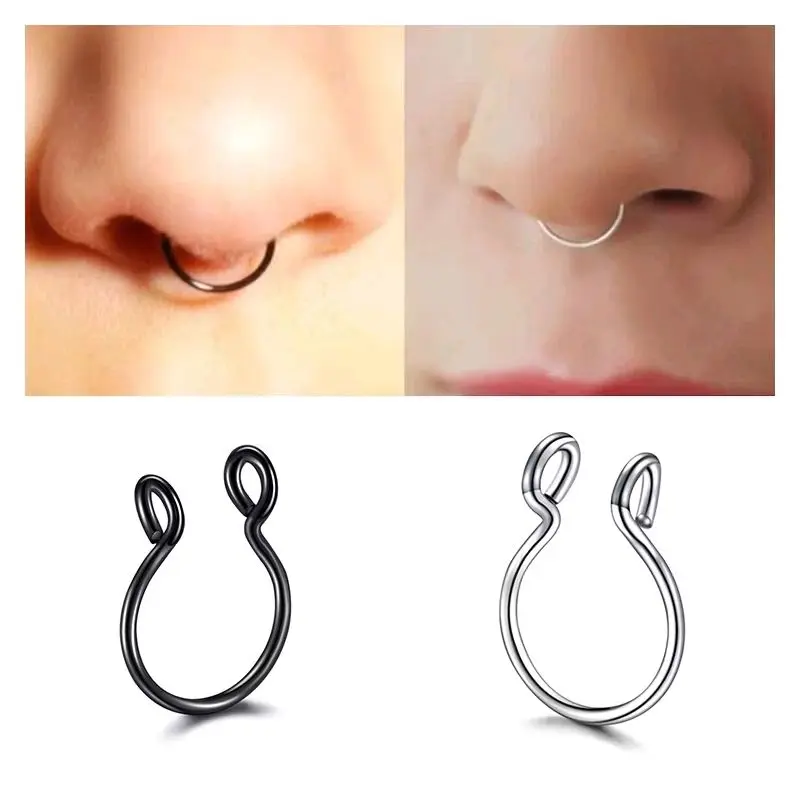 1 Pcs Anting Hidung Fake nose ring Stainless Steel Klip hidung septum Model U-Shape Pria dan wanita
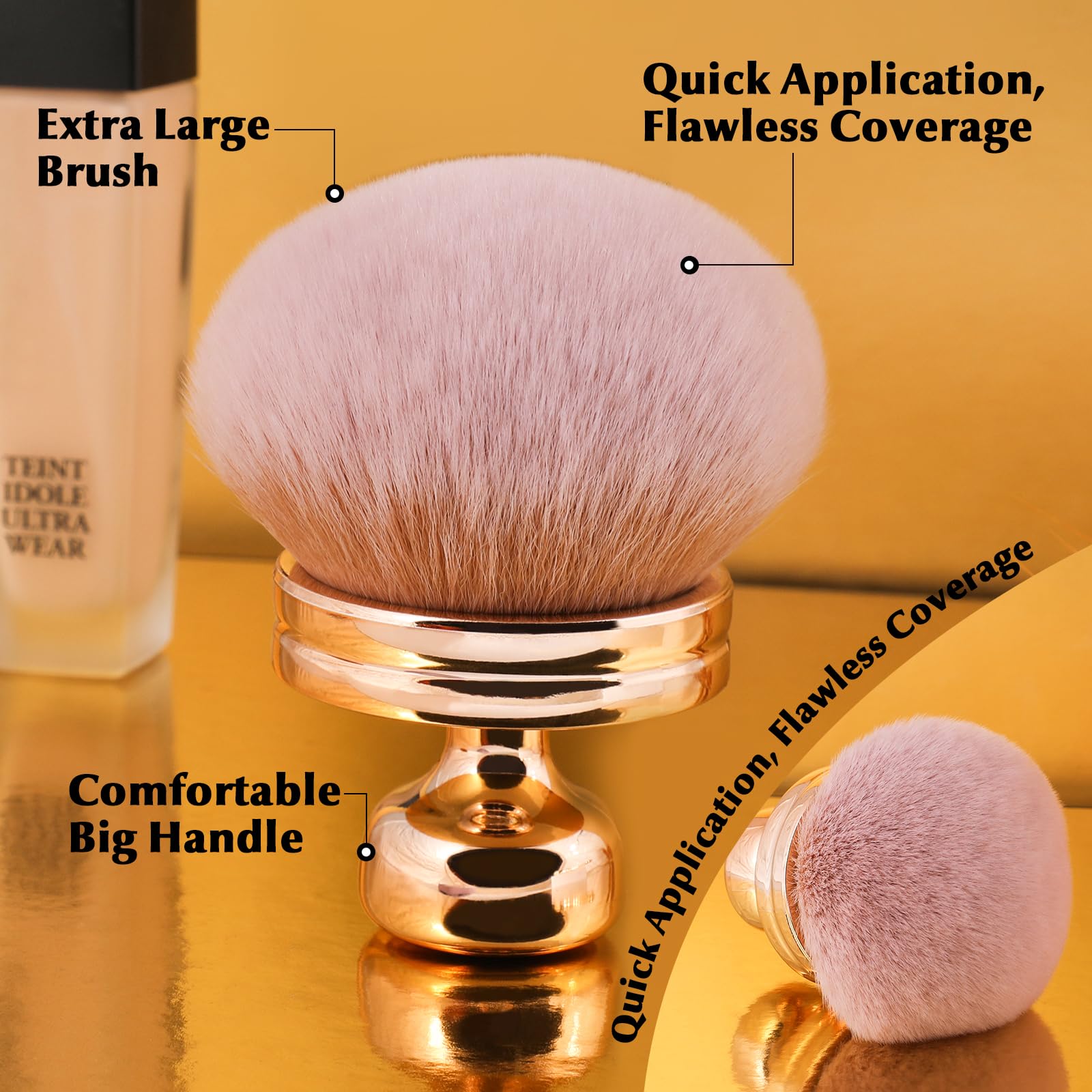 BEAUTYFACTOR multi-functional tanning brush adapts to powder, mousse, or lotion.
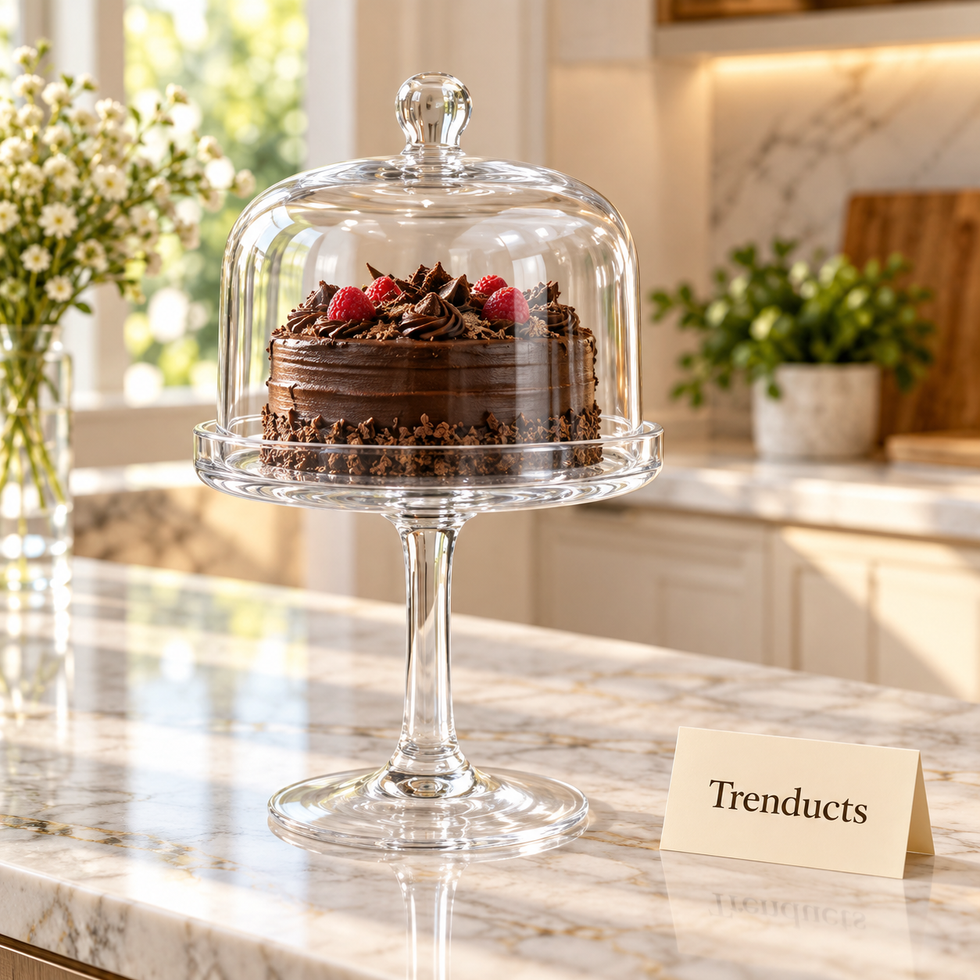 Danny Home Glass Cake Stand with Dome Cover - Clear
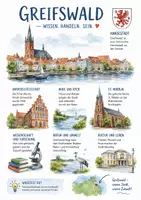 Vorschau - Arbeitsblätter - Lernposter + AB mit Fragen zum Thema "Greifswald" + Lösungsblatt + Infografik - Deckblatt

==

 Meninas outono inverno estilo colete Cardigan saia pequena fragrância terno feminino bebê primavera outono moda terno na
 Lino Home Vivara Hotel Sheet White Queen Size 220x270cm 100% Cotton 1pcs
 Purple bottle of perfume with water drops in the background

--

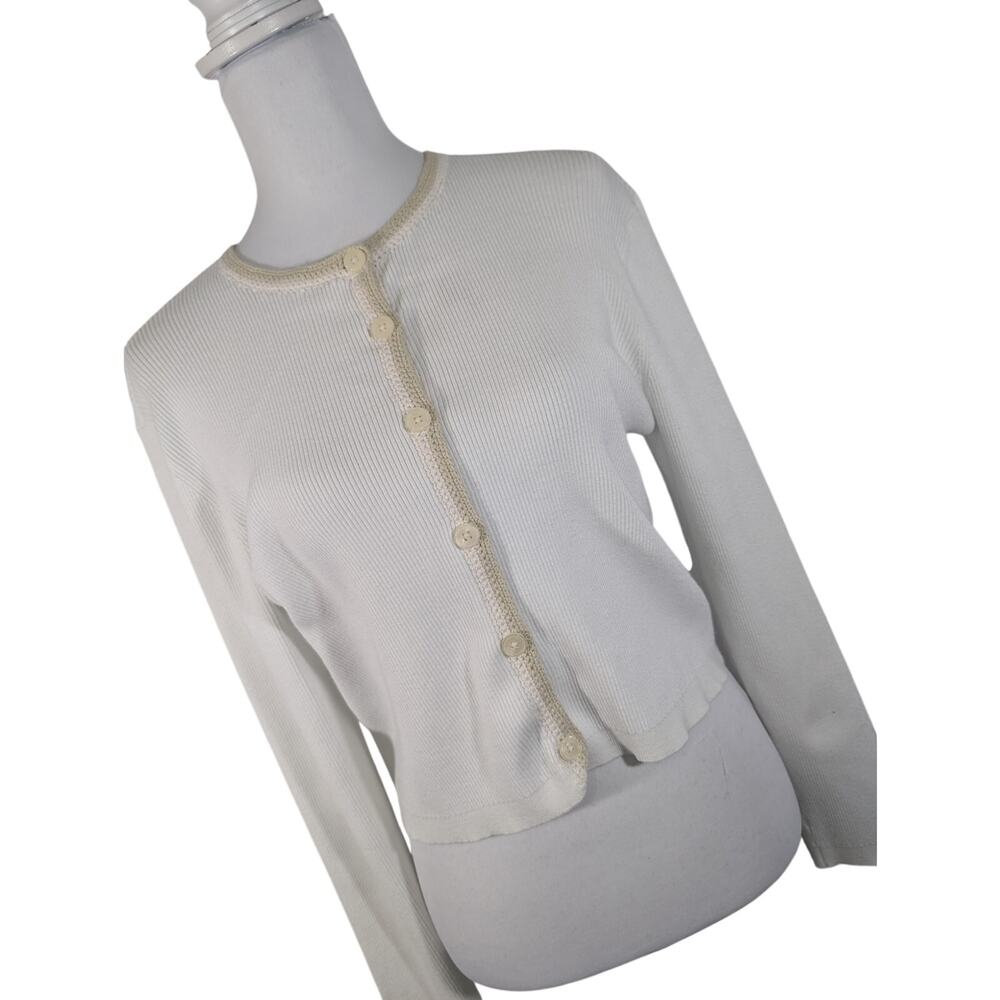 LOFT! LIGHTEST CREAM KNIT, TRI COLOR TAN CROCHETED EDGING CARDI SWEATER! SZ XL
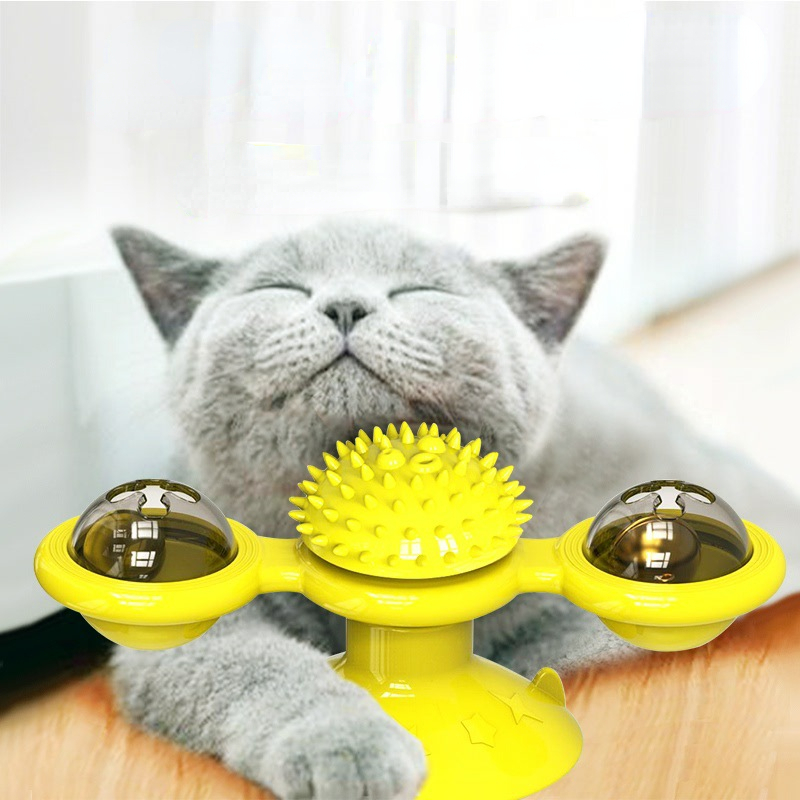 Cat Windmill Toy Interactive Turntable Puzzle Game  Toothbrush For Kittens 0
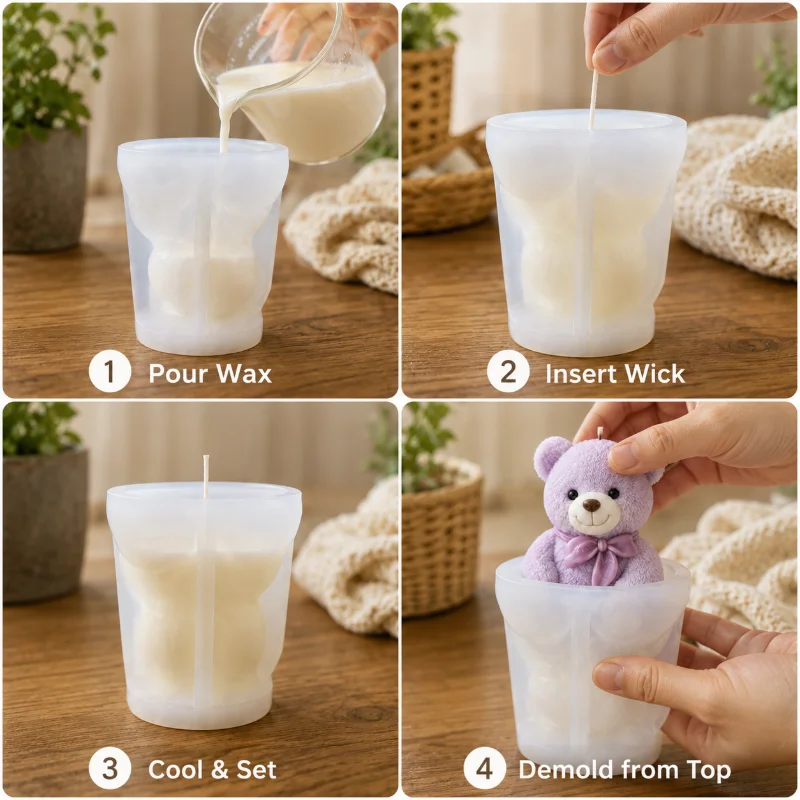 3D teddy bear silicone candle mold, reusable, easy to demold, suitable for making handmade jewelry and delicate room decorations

== TRY IT ==
In the material above, which lines fall between the one holding "Cat Windmill Toy" and the one holding "3D teddy bear", inclusive? Print exactly those, with the pictures left out.

== SOLUTION TO THE PROBLEM ==
 Cat Windmill Toy Interactive Turntable Puzzle Game  Toothbrush For Kittens 0
 3D teddy bear silicone candle mold, reusable, easy to demold, suitable for making handmade jewelry and delicate room decorations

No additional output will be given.